Wolfsangriffe. Fakt oder Fiktion? (German Edition)
Warum dieses Buch?
Seit 1990 beschäftige ich mich mit Wölfen und ihrem Schutz – sowohl als Herausgeberin des Wolf Magazins, als Mitgründerin und langjährige Vorsitzende der »Gesellschaft zum Schutz der Wölfe«, als Autorin von Fachbüchern und besonders als unabhängige Freilandforscherin von wild lebenden Wölfen in den USA. Ich liebe diese Tiere; ein Buch über Wolfsangriffe zu schreiben, scheint da auf den ersten Blick widersprüchlich. Schlage ich damit nicht gerade in die Bresche der Jäger und Geschichtenerzähler? Gebe ich so nicht den Wolfsgegnern Munition gegen den gehassten Vierbeiner?
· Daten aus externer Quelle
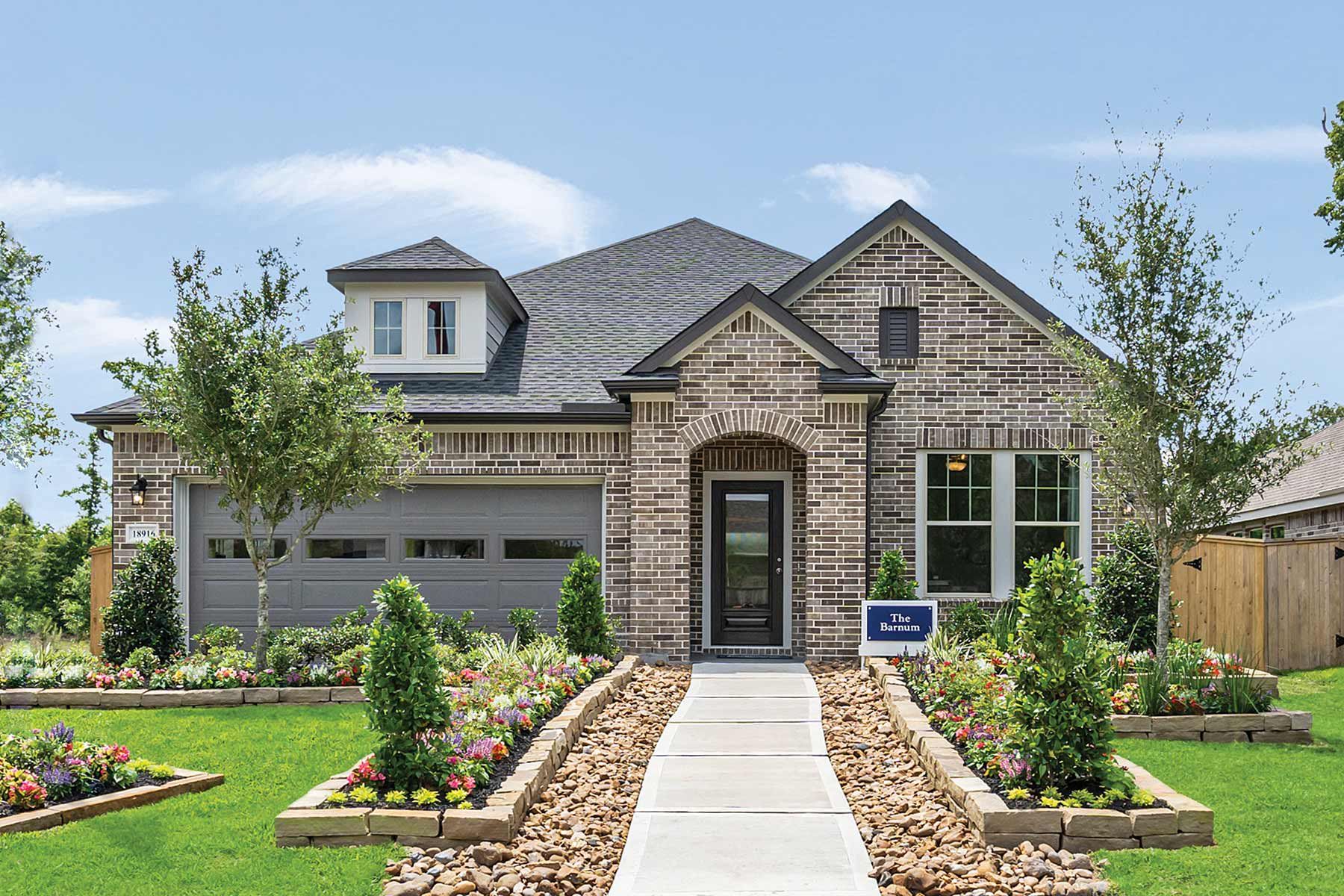 Representative exterior photo of a completed home built from the The Barnum by David Weekley Homes in Escondido 50' Homesites, Magnolia, TX (Image 1). Representative exterior photo of a completed home built from the The Barnum by David Weekley Homes in Escondido 50' Homesites, Magnolia, TX (Image 1).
Ich habe dieses Buch geschrieben, weil es besonders in der heutigen Zeit wichtig ist, ehrlich und realistisch über den Wolf aufzuklären. Bisher gibt es nur wenige Wolfsexperten, die bereit sind, die Fakten über Wolfsangriffe auf den Tisch zu legen. Und wir, die es tun, gelten als »Nestbeschmutzer«, während die Realität weiter geleugnet und verdreht wird, aus Angst, dass sich die Stimmung gegen den Wolf richtet. Ich bin jedoch der festen Überzeugung, dass Ehrlichkeit der beste Weg ist, Wölfe langfristig zu schützen. Ein Leugnen spielt nur in die Hände der Anti-Wolf-Fraktion, die die Berichte von Wolfsangriffen oder anderen Vorfällen nutzen werden, um zu zeigen, dass wir Wolfsschützer absichtlich die Öffentlichkeit belügen. Die Gegner nutzten die Furcht vor dem Wolf, um die öffentliche Meinung zu beeinflussen. Ehrlichkeit und Fakten über bekannte Angriffe, ihre Gründe und wie wir sie vermeiden, sind der beste Weg, dagegen zu kontern. Menschen haben weniger Angst, wenn man ihnen Wissen statt Gerüchte in die Hand gibt.
Deutschland ist wieder Wolfsland. Die Beutegreifer leben inzwischen in vielen Bundesländern: Sachsen, Mecklenburg-Vorpommern, Brandenburg, Sachsen-Anhalt. Hinzu kommen vereinzelte Tiere auf der Wanderschaft, die in Niedersachsen, Hessen, Rheinland-Pfalz und Schleswig-Holstein aufgetaucht sind.
Gleichzeitig werden weiterhin streng geschützte Wölfe widerrechtlich erschossen. Entweder man hat sie mit »wildernden Hunden verwechselt«, man glaubte, ein verletztes Tier »erlösen« zu müssen oder letztendlich mit dem Argument, sie seien »gefährlich« für die Bevölkerung. Unbekannt ist die Zahl der Wölfe, die nach dem Motto »Schießen, Vergraben, Schweigen« verschwinden.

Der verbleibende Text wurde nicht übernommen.